With the Nazis you have a proper villain: Adolf Hitler. You have some heinous crimes, and here you can take your pick: the Holocaust, waging aggressive war, etc. You have a story arc that even the dumbest studio exec can understand, with a beginning, a middle and an end, and gosh, they’re even in that order. You have some unlikely hero figures: Churchill and Roosevelt, though not, I think, de Gaulle. And, best of all, at the end of the story, the villain is completely destroyed. Good triumphs over evil in a series of epic battles that Tolkien might have imagined. Victory is total. Everyone — even the long-suffering population of Germany — is glad. Ding-dong! The witch is dead.
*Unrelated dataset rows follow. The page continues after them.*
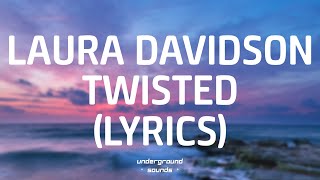 Laura Davidson  Twisted Lyrics [upl. by Nnagrom]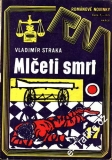 Mlčeti smrt / Vladimír Straka, 1975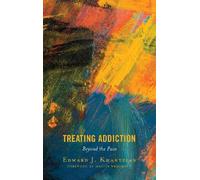 Edward J. Khantzian Treating Addiction (Tascabile)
These story archetypes are almost Jungian, which perhaps accounts for why the Nazi period is so beloved of publishing. This might also explain why Erik Larson, the author of several successful works of popular history such as “The Devil in the White City” and “Isaac’s Storm,” has now turned his attention and considerable talent to the subject with his latest book, “In the Garden of Beasts.” And to bowdlerize a remark of Dr. Johnson’s, one is not surprised to find it done, but to find it done so well.
Over the past 20 years I have published eight novels about the Nazi era. During that time, I have seen an explosion of interest in the Nazis, and the further away that period gets, the more it fascinates us.
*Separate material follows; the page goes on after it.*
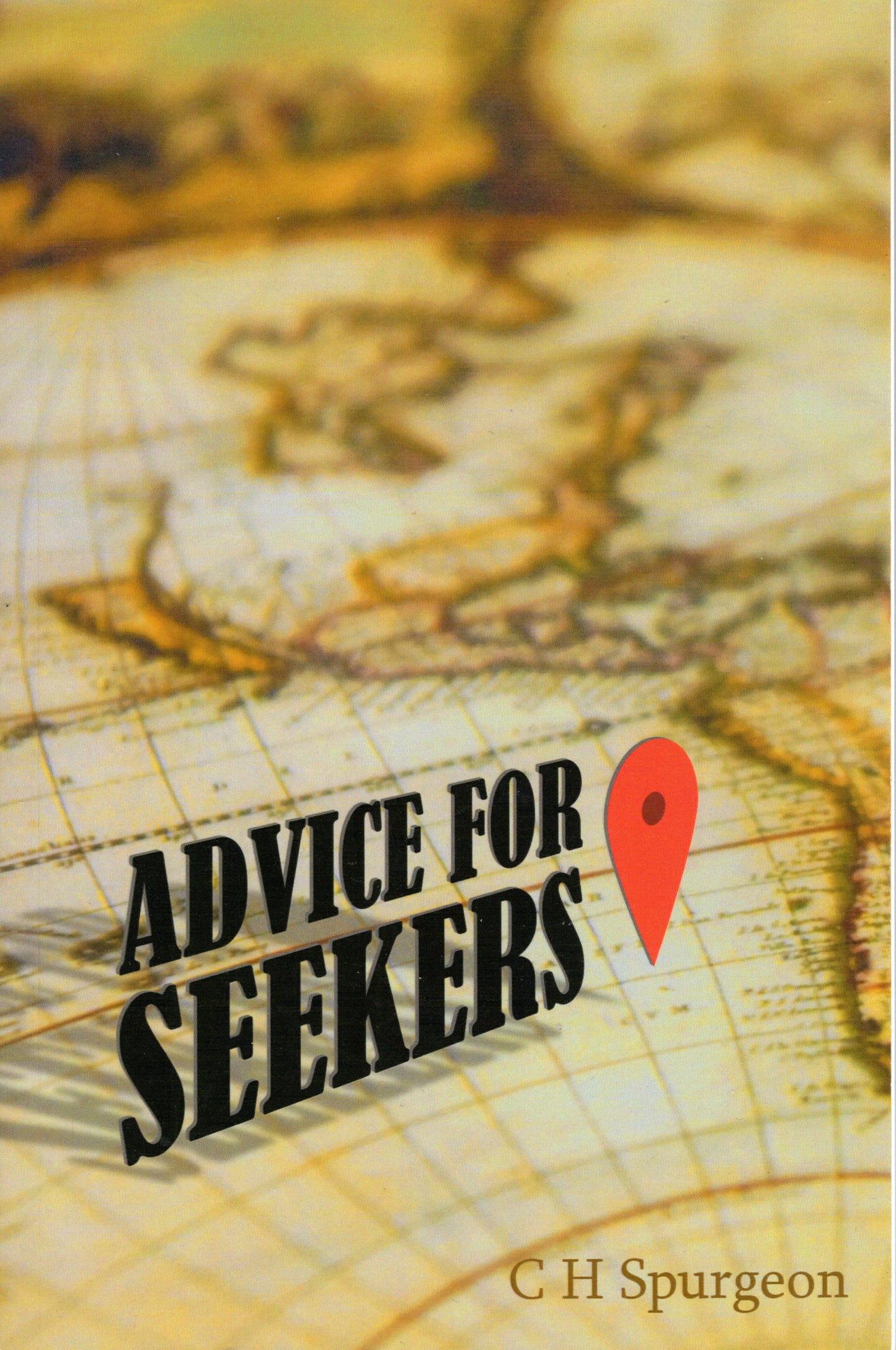 Advice For Seekers by Charles Haddon Spurgeon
I am an avid consumer of books about Nazism — there must be 200 on my shelves — and it seems to me that they are becoming more plentiful. Coming now and in the next few weeks are at least two important new works of nonfiction about the Nazis besides Larson’s, from Austrian historian Gerald Steinacher and British historian Frederick Taylor. At the same time, the books are becoming more reader-friendly. History books have to work much harder than they did of old. It’s no longer enough that they are authoritative and well-researched — they have to be entertaining, too. As entertaining as a novel, perhaps.
Of course this is quite a tall order. But Larson fills it admirably. “In the Garden of Beasts” at times seems derivative of a 1940 memoir, “Through Embassy Eyes,” by Martha Dodd, one of the main characters of his tale. Much of the material is the same, but we can forgive that because Larson fills in everything that Dodd herself felt obliged to leave out: It’s not every U.S. ambassador’s daughter who becomes a spy for the Soviet Union.
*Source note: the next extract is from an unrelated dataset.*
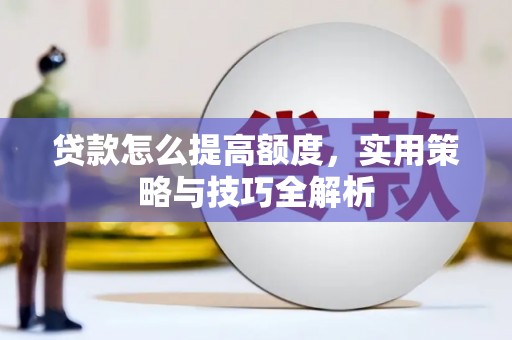 竹崎贷款怎么提高额度，实用策略与技巧全解析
We can also forgive Larson because his book reads like an elegant thriller — and certainly better than the elegant thriller, “Sowing the Wind,” that Dodd wrote. I found Larson’s book to be utterly compelling, and while I was reading it there were several occasions on which I had to stop and check to make sure it really was a work of nonfiction. It is — and marvelous stuff. You really couldn’t invent it in a novel because no one would believe you.